The proposed format was inspired by Internet radio station LG73, which is in turn inspired by, and an unofficial tribute to, the former Vancouver broadcast station CKLG, when it was an AM station under that brand. CKLG was never exclusively or overwhelmingly devoted to Canadian content as the Internet station or the proposed Haldimand station.

Bel-Roc suggested that they would eventually apply to rebroadcast the station on available frequencies in many other Canadian cities.

===Launch===
After several weeks of test broadcasting, CKNS 92.9 FM officially went on the air at 6:00 a.m. on May 15, 2006, with an adult hits format. Former CKOC 1150 on-air DJ Bob Sherwin launched the station's morning show and hosted the morning show until his death on May 16, 2007, of a heart attack. Former FM 108 on-air DJ Burt Thombs launched the station's afternoon drive show. The station broadcasts from its offices and studios on Argyle Street South in Caledonia. Some of the station's content is also broadcast by live feed directly into the Caledonia studio from remote locations across the country, formerly including Phil Kushnir's show out of Vancouver.

===Acquisitions===
Haliburton Broadcasting Group became the controlling shareholder of Bel-Roc Communications in April 2007. That June, the station adopted the CKJN-FM call sign and adopted the brand name Jayne FM. In September, CKJN rebranded as Moose FM.

On April 23, 2012, Vista Broadcast Group, which owns a number of radio stations in western Canada, announced a deal to acquire Haliburton Broadcasting, in cooperation with Westerkirk Capital. The transaction was approved by the CRTC on October 19, 2012.

Logo as Country 92.9

On May 26, 2014, CKJN flipped to country as Country 92.9.

On July 8, 2016, the CRTC approved the sale & acquisition of the station to Durham Radio.
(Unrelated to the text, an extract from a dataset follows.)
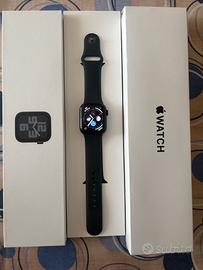 Apple Watch SE 40 mm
Since CHKX significantly overlaps with CKJN's music playlist, it was rumoured that CKJN would flip to an oldies/classic hits format that was last carried by CKOC in Hamilton, until that station flipped to sports talk in September 2015.

On September 1, 2016, the station changed its format to classic hits, branded as 92.9 The Grand and adopted new call letters CHTG-FM.